> [Your task]
Where the line containing "Crop monitoring dashboard" appears, end the copy there, keeping that line; start from the first line of the entries, copy exactly, and omit pictures.

> [The data]
*** Block opens ***
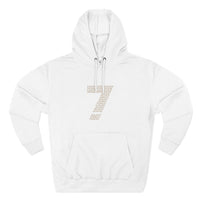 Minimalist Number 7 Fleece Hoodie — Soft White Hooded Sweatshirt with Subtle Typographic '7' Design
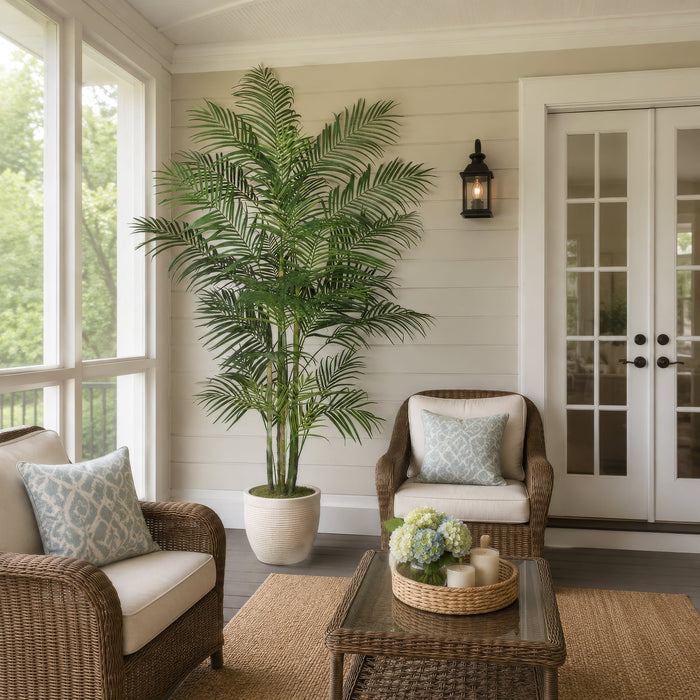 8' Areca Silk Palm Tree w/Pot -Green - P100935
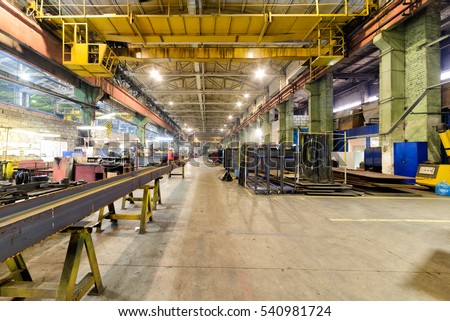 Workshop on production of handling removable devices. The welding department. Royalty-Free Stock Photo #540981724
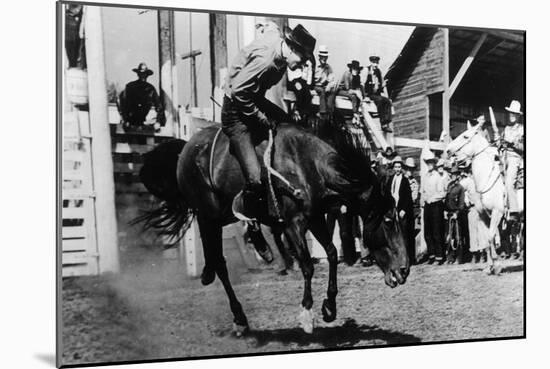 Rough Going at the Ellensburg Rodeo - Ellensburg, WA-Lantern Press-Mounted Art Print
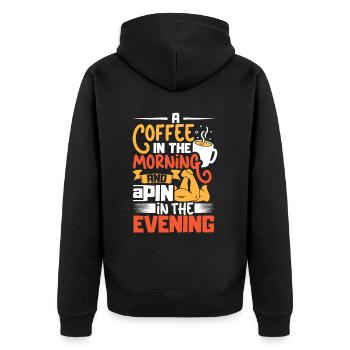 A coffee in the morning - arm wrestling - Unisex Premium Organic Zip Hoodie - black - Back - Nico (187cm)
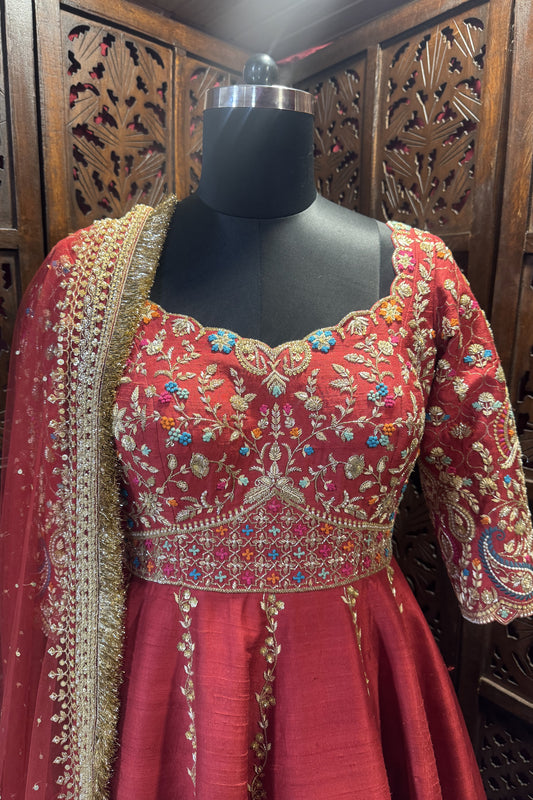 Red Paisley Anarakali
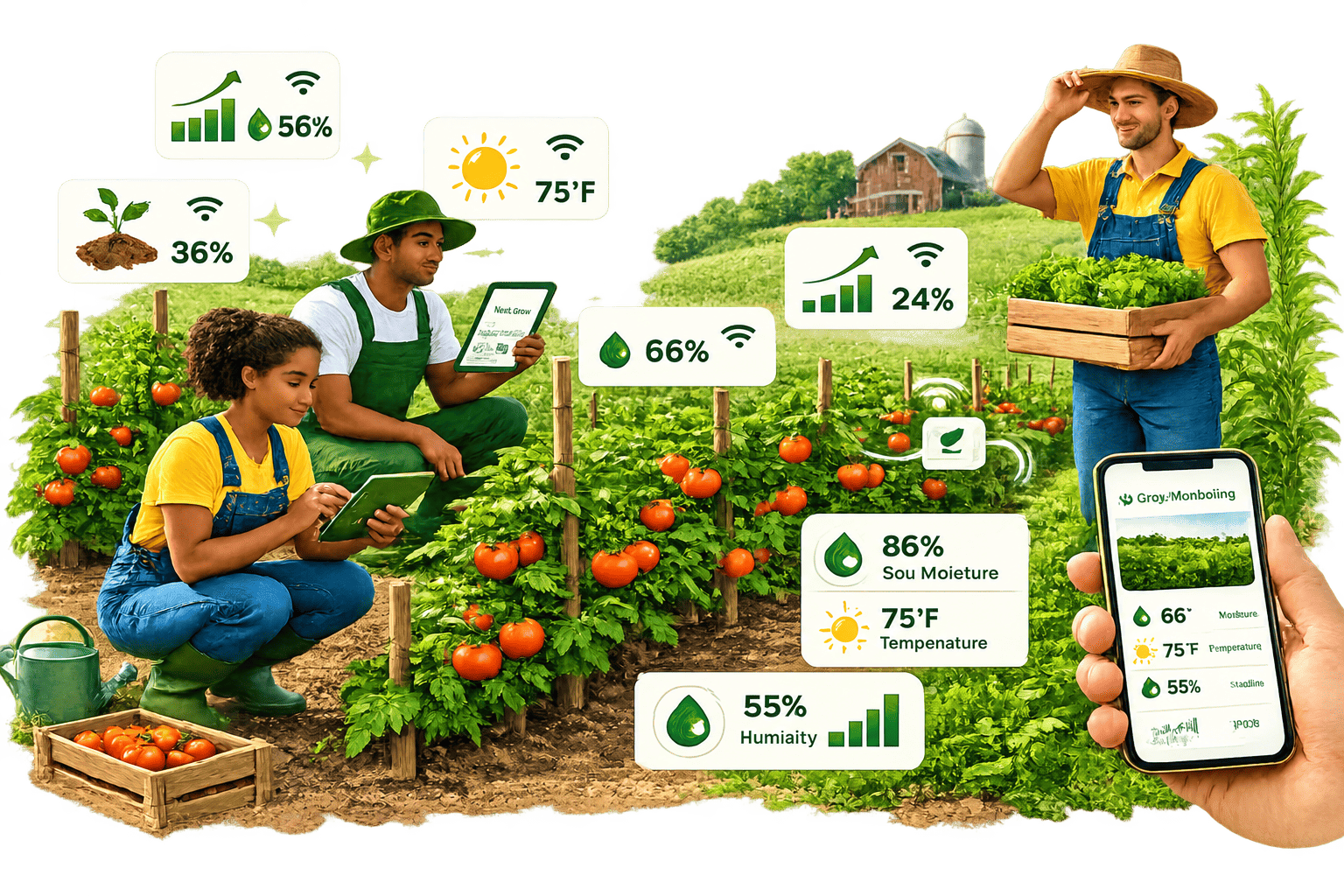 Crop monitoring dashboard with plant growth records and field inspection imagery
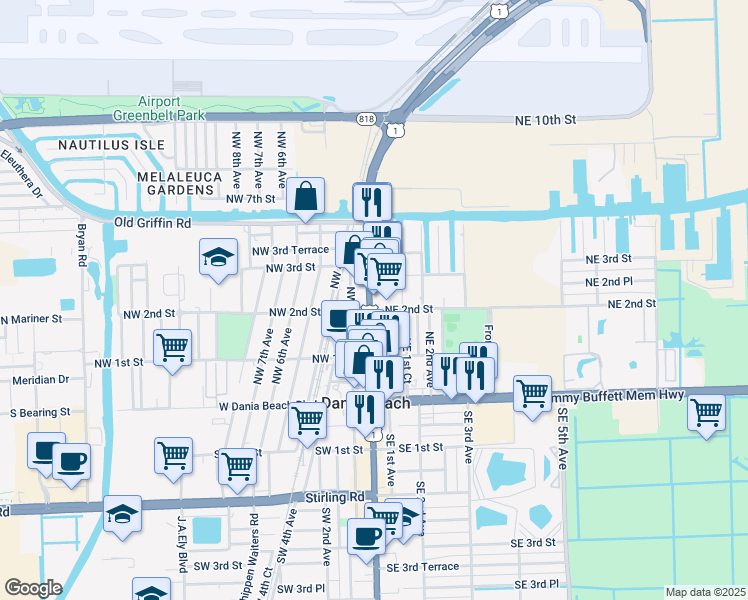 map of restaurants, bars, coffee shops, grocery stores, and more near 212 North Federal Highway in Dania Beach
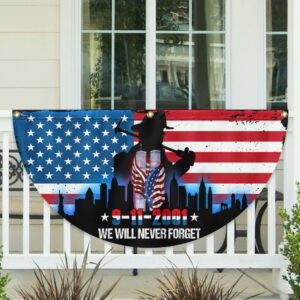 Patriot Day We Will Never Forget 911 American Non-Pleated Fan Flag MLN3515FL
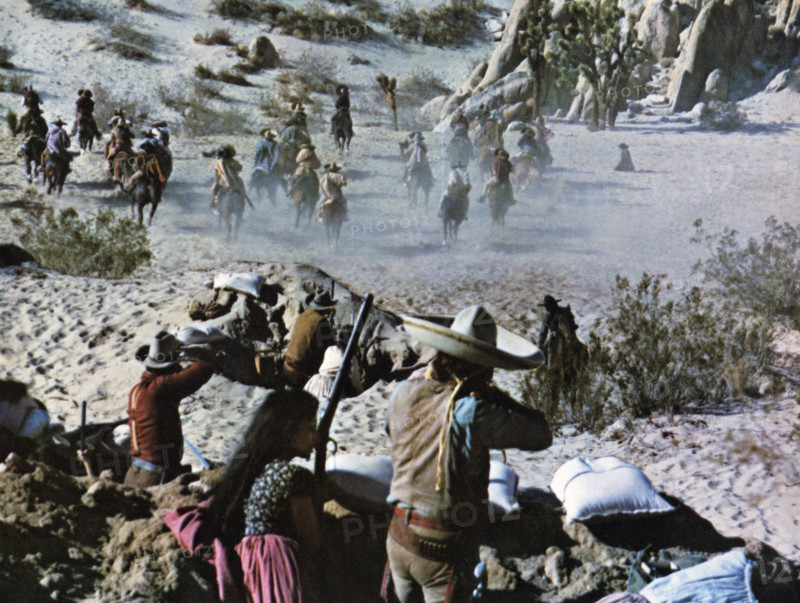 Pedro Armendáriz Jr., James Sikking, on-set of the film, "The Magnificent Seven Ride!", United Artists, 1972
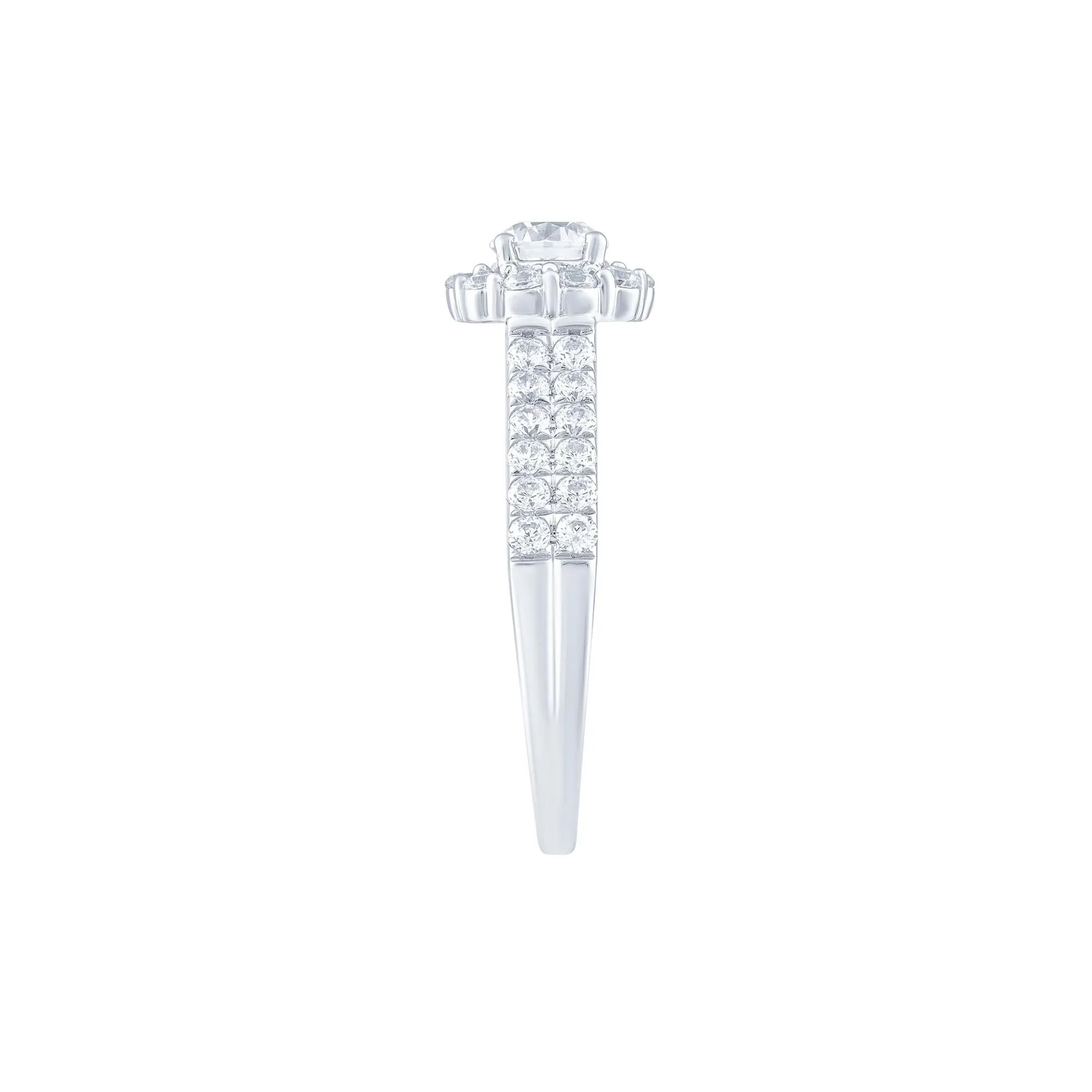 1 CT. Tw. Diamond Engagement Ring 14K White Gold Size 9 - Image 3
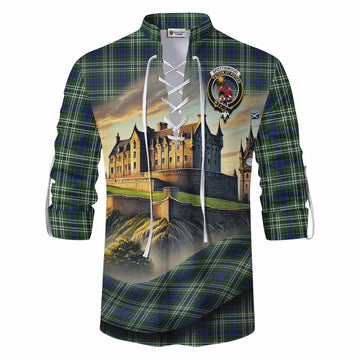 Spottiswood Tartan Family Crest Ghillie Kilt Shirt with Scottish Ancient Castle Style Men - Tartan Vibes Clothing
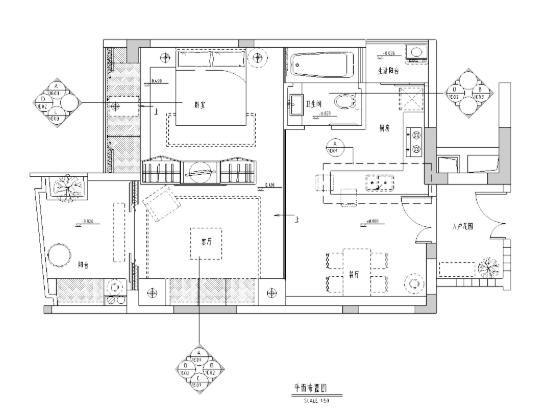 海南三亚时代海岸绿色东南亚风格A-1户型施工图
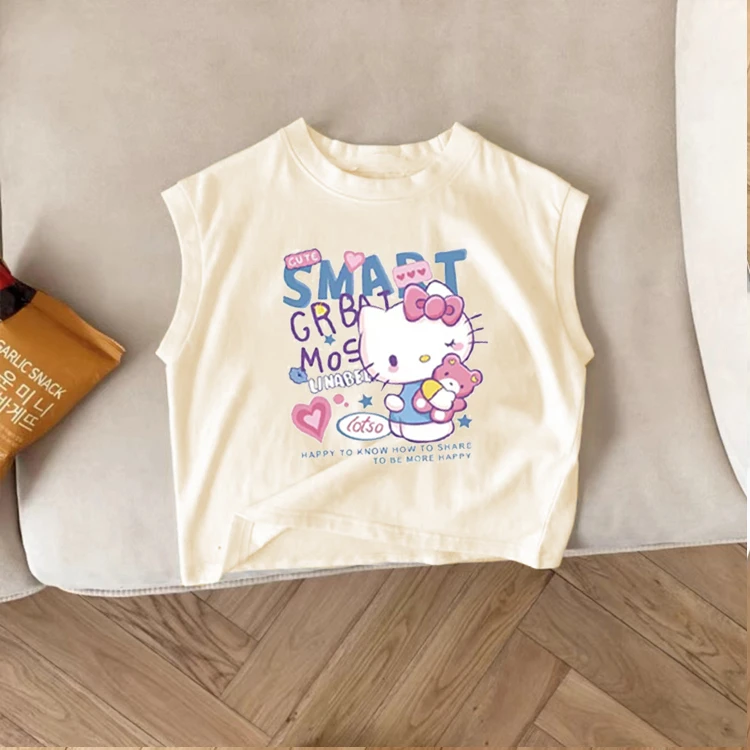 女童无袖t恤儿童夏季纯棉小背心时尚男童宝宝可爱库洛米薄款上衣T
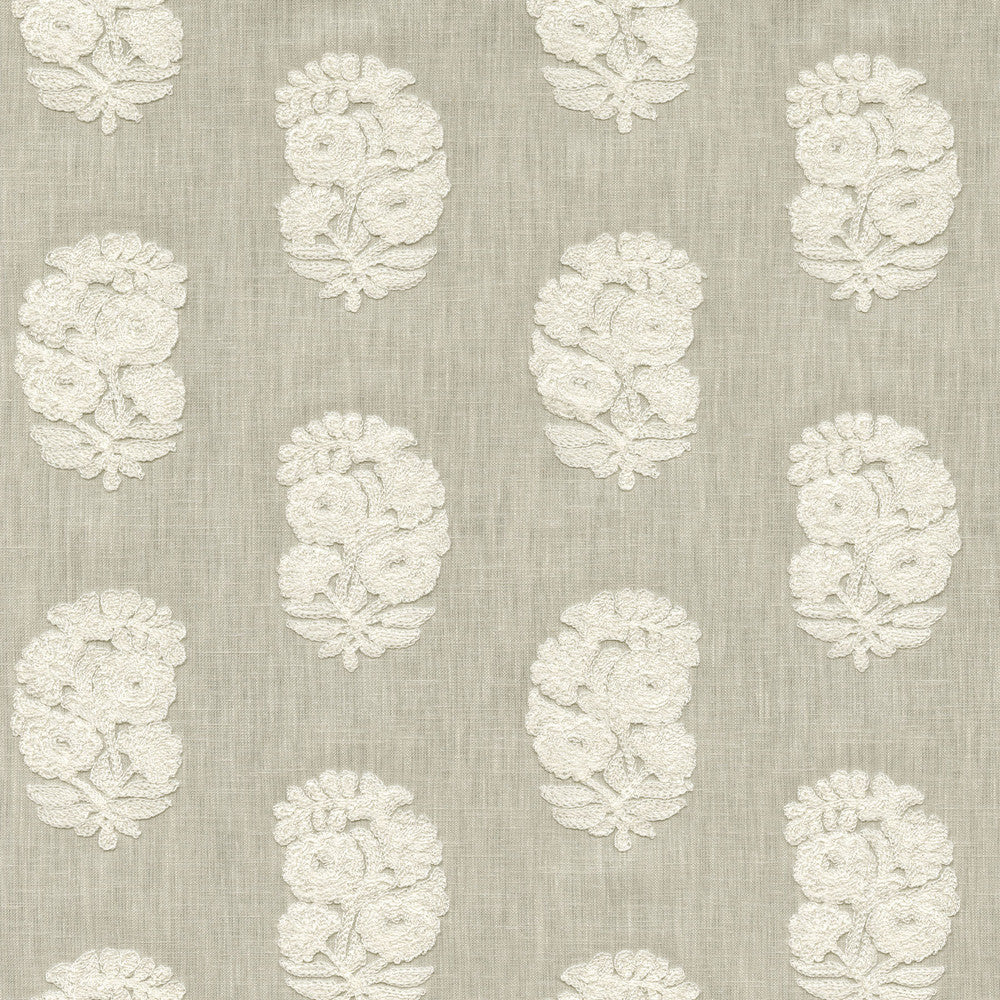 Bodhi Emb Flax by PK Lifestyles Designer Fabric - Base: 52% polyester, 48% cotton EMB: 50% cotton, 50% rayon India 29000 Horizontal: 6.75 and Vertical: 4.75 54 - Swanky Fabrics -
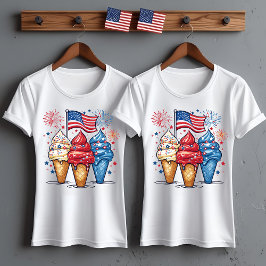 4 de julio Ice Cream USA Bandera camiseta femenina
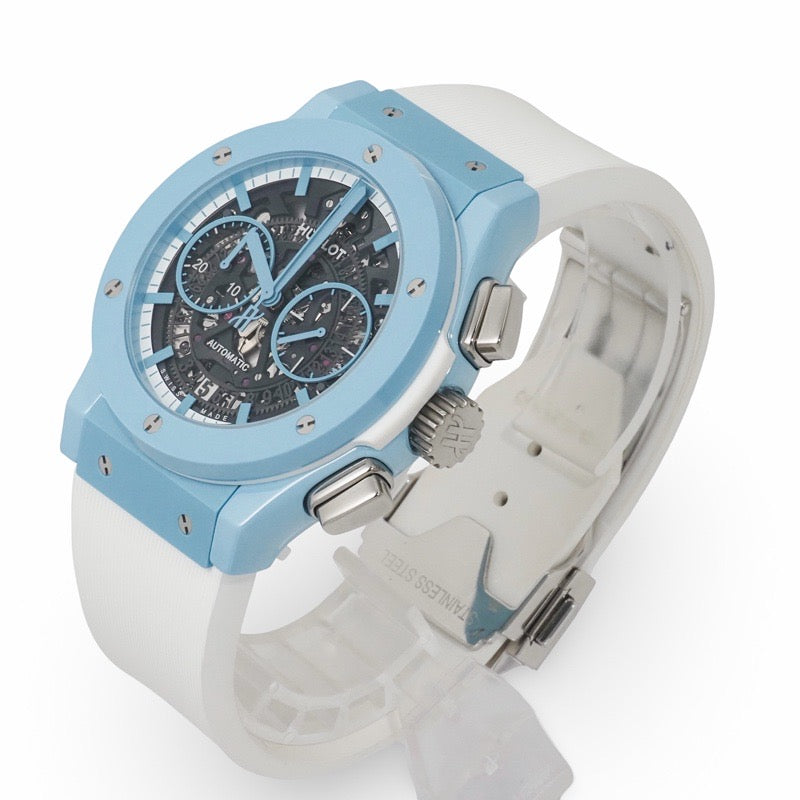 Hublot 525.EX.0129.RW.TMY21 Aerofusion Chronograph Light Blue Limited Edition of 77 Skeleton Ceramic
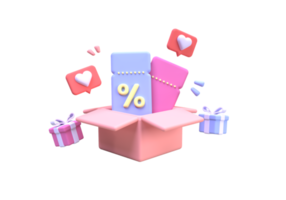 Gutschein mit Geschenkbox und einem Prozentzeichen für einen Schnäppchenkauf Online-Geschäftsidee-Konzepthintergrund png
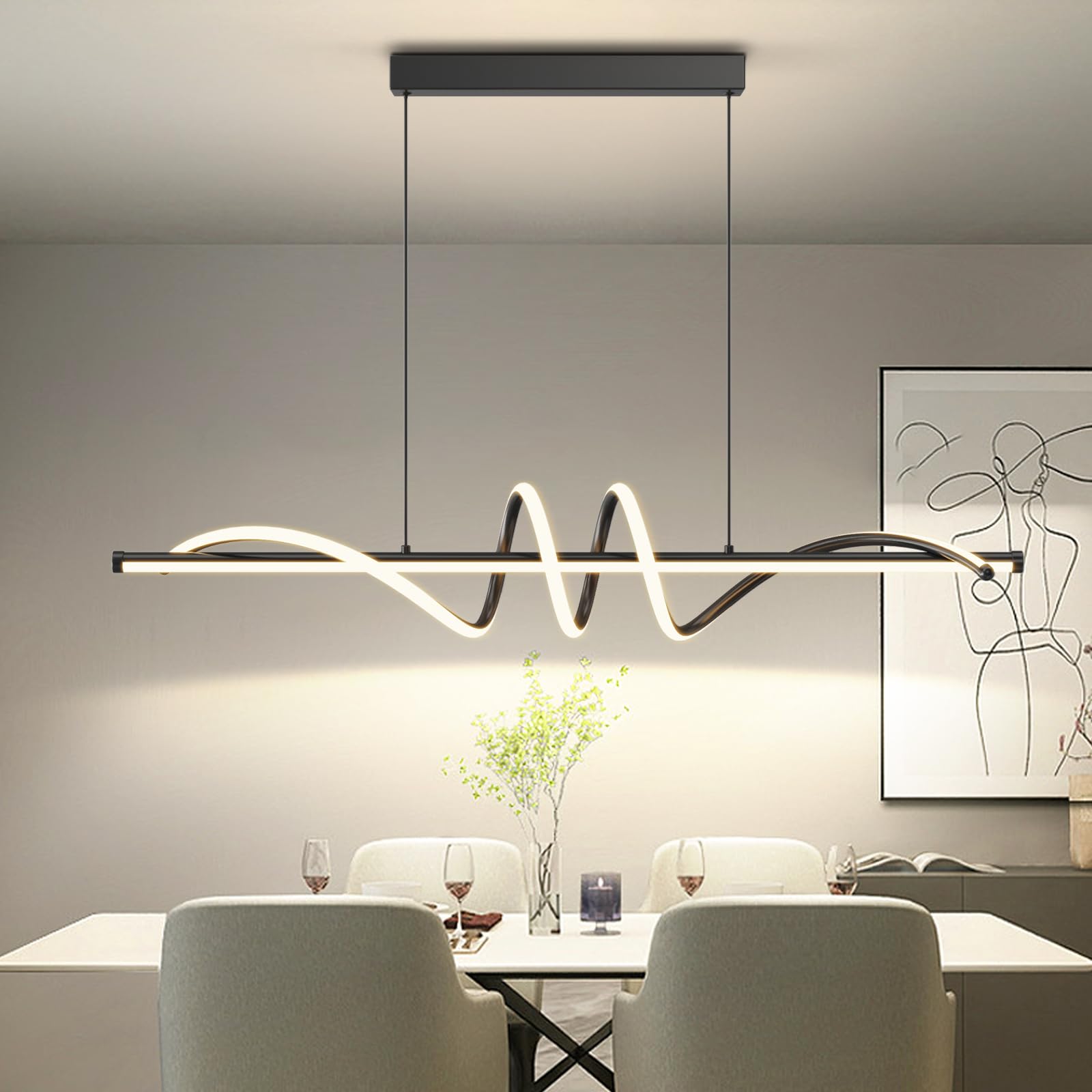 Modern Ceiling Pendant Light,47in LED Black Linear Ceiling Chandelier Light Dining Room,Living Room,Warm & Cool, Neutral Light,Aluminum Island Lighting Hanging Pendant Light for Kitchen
*** Block closes ***
> [Your solution]
 Minimalist Number 7 Fleece Hoodie — Soft White Hooded Sweatshirt with Subtle Typographic '7' Design
 8' Areca Silk Palm Tree w/Pot -Green - P100935
 Workshop on production of handling removable devices. The welding department. Royalty-Free Stock Photo #540981724
 Rough Going at the Ellensburg Rodeo - Ellensburg, WA-Lantern Press-Mounted Art Print
 A coffee in the morning - arm wrestling - Unisex Premium Organic Zip Hoodie - black - Back - Nico (187cm)
 Red Paisley Anarakali
 Crop monitoring dashboard with plant growth records and field inspection imagery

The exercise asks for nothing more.